7.      With a total number of 1,487,918,421 valid votes, representing 1,487,918,421 shares and 89,675% of the subscribed and paid up share capital of the Company and 89,749% of the total voting rights out of which 1,487,918,421 votes "in favor", representing 100% of the total number of votes held by the shareholders attending the Assembly, it was approved in order to carry out this resolution/decision, the following are empowered, with the possibility of substitution, Mr. SEBESANU CONSTANTIN, as General Manager, and Mr. APOSTOL SORIN, as Administrator-Attorney-in-Fact, to represent us, to negotiate and sign on behalf of Impact Developer & Contractor SA before the Bank, and of any third party, public authority and/or notary, to submit any applications for registration validly and in accordance with the law of all signed documents.

8.      With a total number of 1,487,918,421 valid votes, representing 1,487,918,421 shares and 89,675% of the subscribed and paid up share capital of the Company and 89,749% of the total voting rights out of which 1,487,918,421 votes "in favor", representing 100% of the total number of votes held by the shareholders attending the Assembly, it was approved contracting from OTP Bank Romania SA (hereinafter referred to as “OTP Bank”) a loan amounting to EUR 34,341,930. The borrowed funds shall be used by the Company in order to finance the development of Phases 1, 2 and 3 of Teilor Ensemble in the Greenfield Baneasa district.

9.      With a total number of 1,487,918,421 valid votes, representing 1,487,918,421 shares and 89,675% of the subscribed and paid up share capital of the Company and 89,749% of the total voting rights out of which 1,487,918,421 votes "in favor", representing 100% of the total number of votes held by the shareholders attending the Assembly, it was approved  contracting from OTP Bank Romania SA (hereinafter referred to as “OTP Bank”) a loan amounting to EUR 6,000,000 in RON equivalent, in order to finance the VAT related to the development works of Phases 1, 2 and 3 of Teilor Ensemble in the Greenfield Baneasa compound.

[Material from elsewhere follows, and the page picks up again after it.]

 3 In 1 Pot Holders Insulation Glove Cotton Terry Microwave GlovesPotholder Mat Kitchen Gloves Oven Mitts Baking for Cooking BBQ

10.  With a total number of 1,487,918,421 valid votes, representing 1,487,918,421 shares and 89,675% of the subscribed and paid up share capital of the Company and 89,749% of the total voting rights out of which 1,487,918,421 votes "in favor", representing 100% of the total number of votes held by the shareholders attending the Assembly, it was approved establishment of the following guarantees in favor of OTP Bank Romania SA:

10.1.        movable mortgage on the receivables that Impact Developer & Contractor SA collects from downpayments/rents/sale of mortgaged residential units in favor of OTP Bank;           

10.2.        first rank real estate mortgage on the plot of land located within the built-up area, in Bucharest, Drumul Padurea Mogosoaia No. 31-41, District 1, category of use yards-constructions, having a surface area of 77,199 sq m, holding Cadastral No. 279737, registered with Land Book No. 279737 of Bucharest Municipality, District 1, owned by the Company, as well as on all constructions, improvements, accessories, additions and extensions to the mortgaged immovable assets;

10.3.        movable mortgage on all accounts opened by Impact Developer & Contractor SA with OTP Bank, including, but not limited to, Collector Account, Debt Service Reserve Account, based on the movable mortgage on the accounts agreement;

10.4.        Impact Developer & Contractor SA undertakes to insure the mortgaged and pledged goods with an insurance company approved by OTP BANK ROMANIA S.A., until the full payment of the loan, and to transfer the insurance policies, guarantees and letters of guarantee issued by the Entrepreneurs in favor the BANK, which shall also become their beneficiary.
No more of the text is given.